Fringe 2009, BATS Theatre
February 14-18 | Reviewed by Helen Sims

Words Apart is a simple and sweet show, combining spoken English with New Zealand Sign Language. It loosely draws on Romeo and Juliet for its plot, with a slight twist – Ryan (Romeo) is deaf and Jules (Juliet) is hearing. Their fledging relationship faces prejudice from both of their families – interestingly comprised on both sides of siblings raising their bother/sister due to absent parents. As the programme notes, Ryan and Jules face a battle of proving that their love can overcome the language barrier between them – that it is ‘more than just words’.

It’s a charming premise, but the show lacks punch in practice due to a general failure to create or sustain any tension. Sophia Scully Elizabeth as ‘Mac’ the over-protective older sister of Ryan (Jared Flitcroft) is the first to cast aspersions on the relationship – and from there it all feels a little predictable – perhaps because they are utilising one of the best known stories in the English canon. The relationship between Jules (Ivana Palezvic) and her brother, Ty (Isaac Heron, who also plays Ryan’s friend Ben) is more fraught and complicated. Ty faces his own language difficulties as he can’t read or write well. Heron brings an excellent degree of pent up anger to his role, but ultimately there is little complexity or development.

Interestingly for a show in which one of the languages used is not spoken aloud, there is a lot of exposition of the plot. Perhaps this is unsurprising given that the ‘hearing’ characters often have to explain the Sign Language.
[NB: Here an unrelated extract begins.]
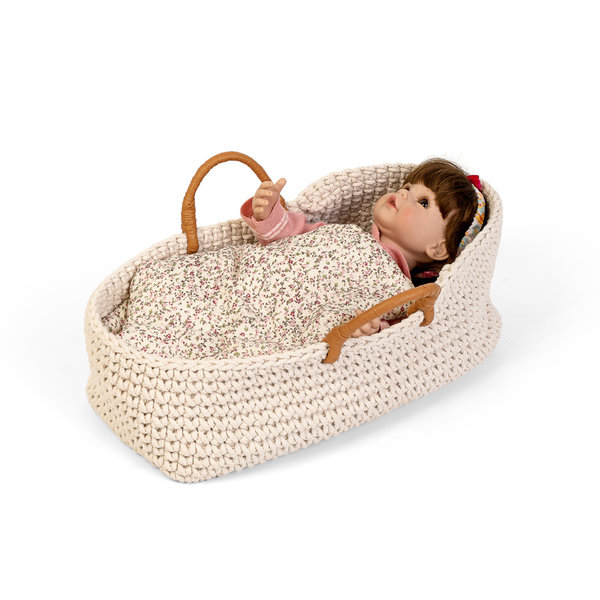 by Astrup - Knitted Doll Basket , 25 cm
Although I can see the necessity of this, it does reduce the theatricality of the show, I don’t think the synthesis of Sign Language and English has reached the point this show is aiming for.

The staging is fairly simple, with black blocks moved around to constitute Mac’s café, Jules and Ty’s home and various other locations. Jules and Ryan also angrily stack them to indicate the wall building up between them. They manage to break through this wall in the moment where both seem to realise they don’t need to explain their feelings with words.

The play concludes abruptly and happily, in an ending that startles due to the lack of resolution leading up to it. I did find myself wondering what would have been interesting about this play if one of the characters had not been deaf, and whether this in turn served to somehow reinforce a sense of difference to ‘otherness’. However, the deaf members of the audience seemed to recognise a lot of the prejudice and difficulty they face from the ‘hearing’ community and appreciate seeing work that was in their language.